Scottish Canals halted magnet fishing over concerns about health and safety and littering on canal pathways. Now the metal scavengers will soon be able to operate with a licence on the Caledonian, Crinan, Forth & Clyde, Union and Monkland canals provided they abide by new rules.
Official Magnet Fishing Scotland, a group of anglers who trawl canals for metal salvage, welcomed the news.
“The licence means we’re clear on what the health and safety rules are and ensuring we’re all taking our scrap away from the side of the canals,” said Calum Black, 19, of Official Magnet Fishing Scotland.
“It also means we agree that if we find anything historic we will contact Scottish Canals or Historic Environment Scotland to let them know. If we find a sword, for instance, we’ll let them have a look at it to see if it’s of interest to them.
“It’s great news, it means we can get back to cleaning up the waterways around Scotland.”
The burgeoning sport became a lockdown hit thanks to online videos and The Sunday Post joined one outing when a waterlogged pistol was hauled to the surface.
While groups adhere to rules on safety and cleaning canal banks after fishing expeditions, rogue fishermen put the activity into jeopardy.
“It was quite bad up at certain locations,” said Calum. “We had a charity event a couple of months ago before the ban and when we went to the location the side of the waterway was already covered in scrap metal and plastics. There were trolleys just lying abandoned.

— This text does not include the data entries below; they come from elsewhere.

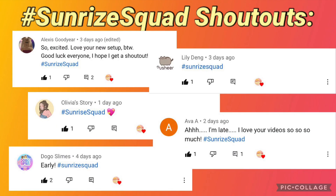This week's hashtag Send My Squad shoutouts go out to Alexis, Goodyear, Lily Dang, Olivia Story, Ava A, and Doggo Slimes. If you'd like a shoutout in my next video, make sure to subscribe, hit that notification bell, and comment down below hashtag Send My Squad once we have done that.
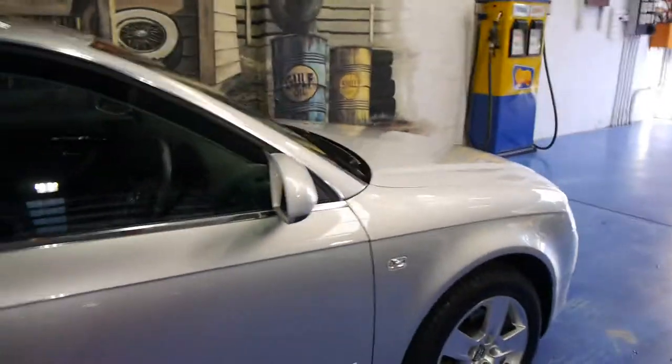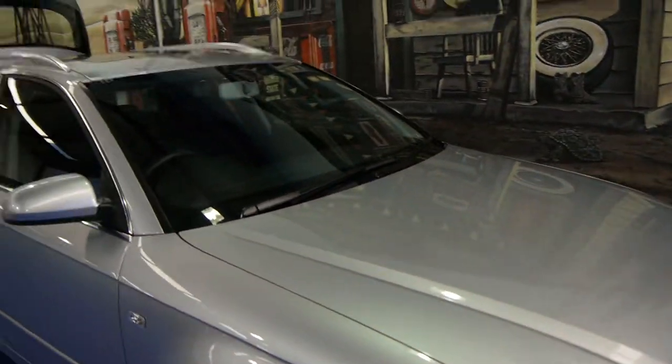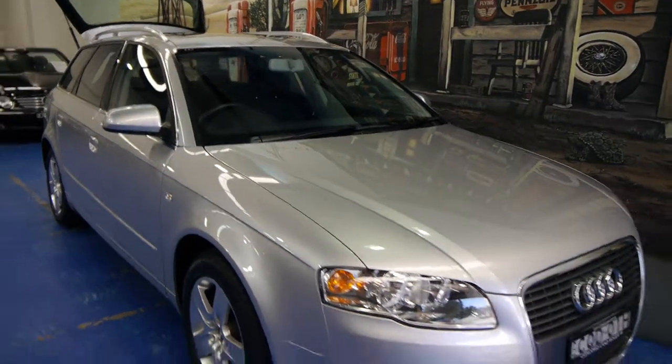Everything about this car, you are going to love — hopefully the resale value as well. Because these wagons, they didn't differ in their look or their features or options. Even in 2008, this is exactly the same. In 2009 when they came out, obviously they were slightly different.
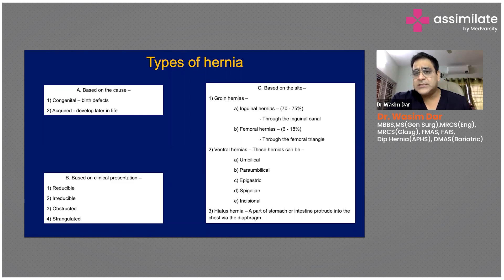Based on the cause, hernias can either be congenital — that is, present by birth — or they can be acquired, meaning they develop later in life. For example, when you grow old the muscles become weak, or you can develop a hernia post-pregnancy or after lifting very heavy weights. These are called acquired hernias.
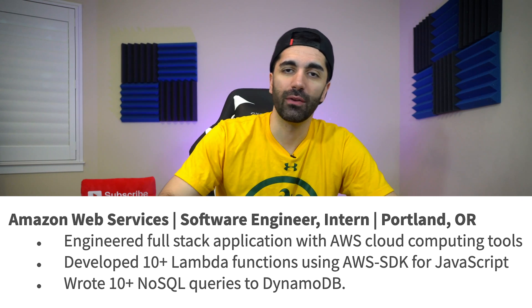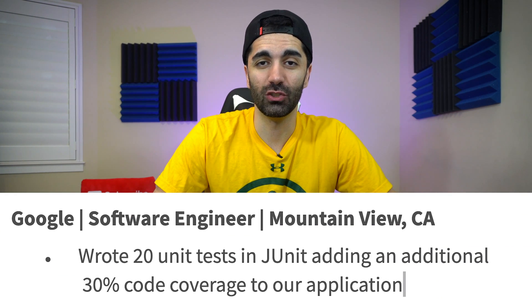One thing I do want to mention is, when you have work experience bullet points, you always want to have some kind of number — these are called quantifiers. For example, instead of saying 'I wrote unit tests in JUnit,' say 'I wrote 20 unit tests in JUnit, adding an additional 30% code coverage to our application.' When a recruiter sees those numbers, they'll pop out. Try to have at least one quantifier in each of your bullet points.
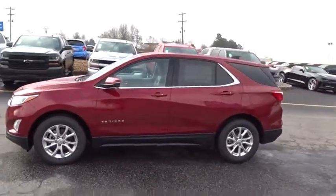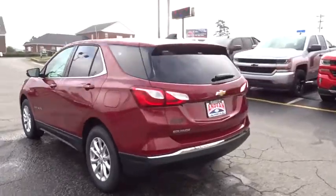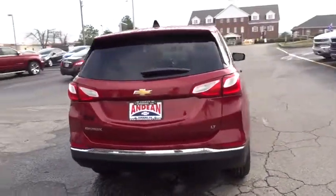The 2018 Chevrolet Equinox. Fuel efficiency, safety, and value equals the Chevy Equinox. Here are some of this vehicle's great options.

“People don’t just use magnets, they’re using grappling hooks to dredge up what they can.
“We cleaned up all of that but you could see the mess some of the less careful magnet fishers were leaving.”
Magnet fishermen also have to apply for permission from Historic Environment Scotland to dredge Scotland’s canals – and a failure to do so could land them with a £50,000 fine.
“Magnet fishing is becoming more popular,” explained Calum. “During lockdown people have been at home looking for things to do and magnet fishing on YouTube is a big hit. That’s given people the idea to try it.
“I’ve found allsorts from safes to guns to grenades. Then there are the more every day objects like trolleys, bicycles and scooters.”
A recent expedition saw Calum fish a backpack from the Water of Leith. “We opened it and found some books and a couple of ID cards,” he explained. “We managed to track the owner down on Facebook, she lived in the borders.
“I had a chat with her when we were returning her bag. She’d been in Edinburgh having lunch with a friend in a cafe when someone snatched her bag.
“She thought she’d lost it. That was 20 years ago, she was quite surprised to be reunited with it.
“I’ve found knives. Who knows, they might be murder weapons.”